Returning to the clinic there is a suggested format for approaching cases with liver disease. There is an excellent reminder of the importance of a very detailed history and thorough physical examination.  Amy uses an Aide Memoire ‘DAMNIT V’ to cover the causes of hepatic damage, followed by the most detailed algorithm so far in this webinar for the investigation of jaundice. Another one to photograph and include in a practice protocol.

The final part of this section covers liver biopsy techniques and a table listing a bleeding assessment risk from liver biopsy.


The next part describes how to approach causes of liver disease in dogs beginning with hepatitis. Another algorithm takes you from liver biopsy to either lobular dissecting hepatitis, chronic hepatitis, cirrhosis or nonspecific reactive hepatopathy. A table lists possible causes for chronic hepatitis and whether the evidence is strong, moderate or weak. The next table lists seven factors supportive of chronic hepatitis.

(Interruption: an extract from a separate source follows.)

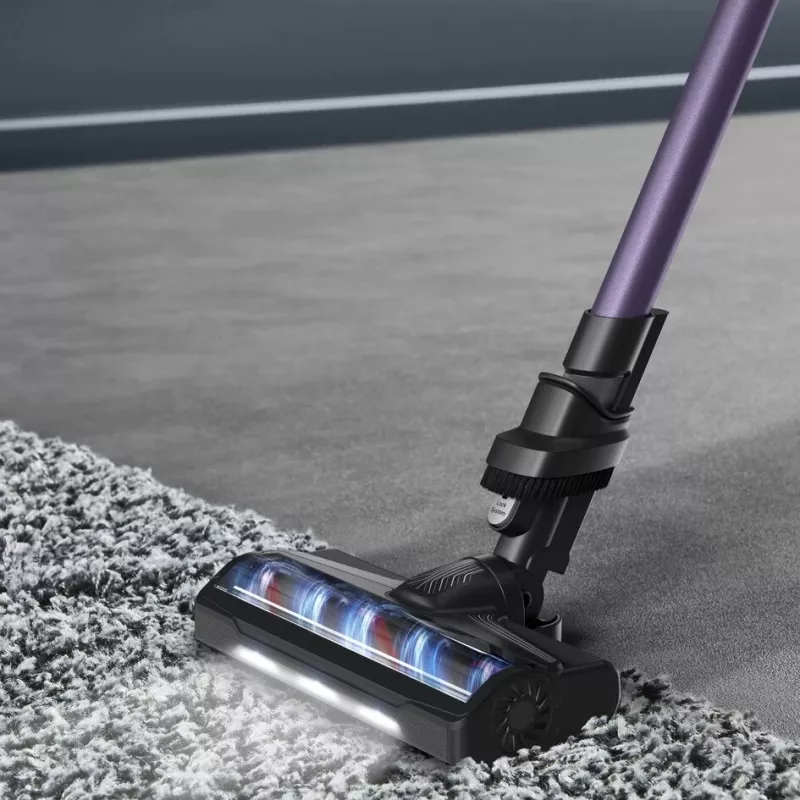 Rowenta RH6A31 2-w-1 odkurzacz pionowy Akumulatorowy Suchy Bezworkowy 140 W Czarny, Fioletowy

Copper associated hepatitis, including its diagnosis and treatment is described before suggesting an approach to liver toxicity. Dose dependent hepatotoxicity and idiosyncratic hepatotoxicity are illustrated before Amy describes a clinical case of hepatic poisoning in a 3- year-old male neutered Maltese terrier.


The next section of the webinar deals with the treatment of toxic hepatic injury:

·      Decontamination (if possible)

·      Protect the liver

·      Supportive care -hydration, electrolytes, nausea, pain, nutrition, and a comprehensive summary of hepatic protectants.


It’s back to biochemistry with descriptions of N-acetylcystine, S-adenylmethionine, Ursodeoxycholic acid, Silymarin, Vitamin E, and Omega 3 fatty acids. For inflammatory liver disease the following are discussed-prednisolone, cyclosporine, azathioprine and colchicine.

Finally, three further conditions are discussed. These are ascites, hepatic encephalopathy, and cholangiohepatopathy in cats.


This extensive webinar was generously sponsored by ADM (Protexin in the UK) and SASH vets. The company provided some of the latest information at the end of the webinar on selected products of relevance to Amy’s presentation. Included is Denamarin, Pro-Kolin, Cobalazorb, Pro-Kolin Enterogenic, Cysophan and CystoPro. There is a list, for colleagues watching in Australia or New Zealand, of company territory managers and their contact details.


I can’t begin to imagine how many hours Amy must have put in to produce this incredibly detailed webinar. Certainly, many more hours than the often quoted ten hours for a  one hour presentation. To get the best out of it, as i have suggested, take notes and photograph the slides in 30 -minute sessions and then think about them before moving on to the next session. Many of the slides are very useful as protocols for investigations and treatments. The content will be of value for everyone in practice from newly qualified to experienced vets and nurses.


There was a further ten minutes for questions and these came on the night (early morning for Amy), from all parts of the globe. It’s quite astonishing how far we have come in recent times in technology with the ability to watch a live presentation in perfect sound and vision from anywhere in the world. It was a case of good morning, afternoon, evening or night wherever you from the chair Anthony Chadwick at the end.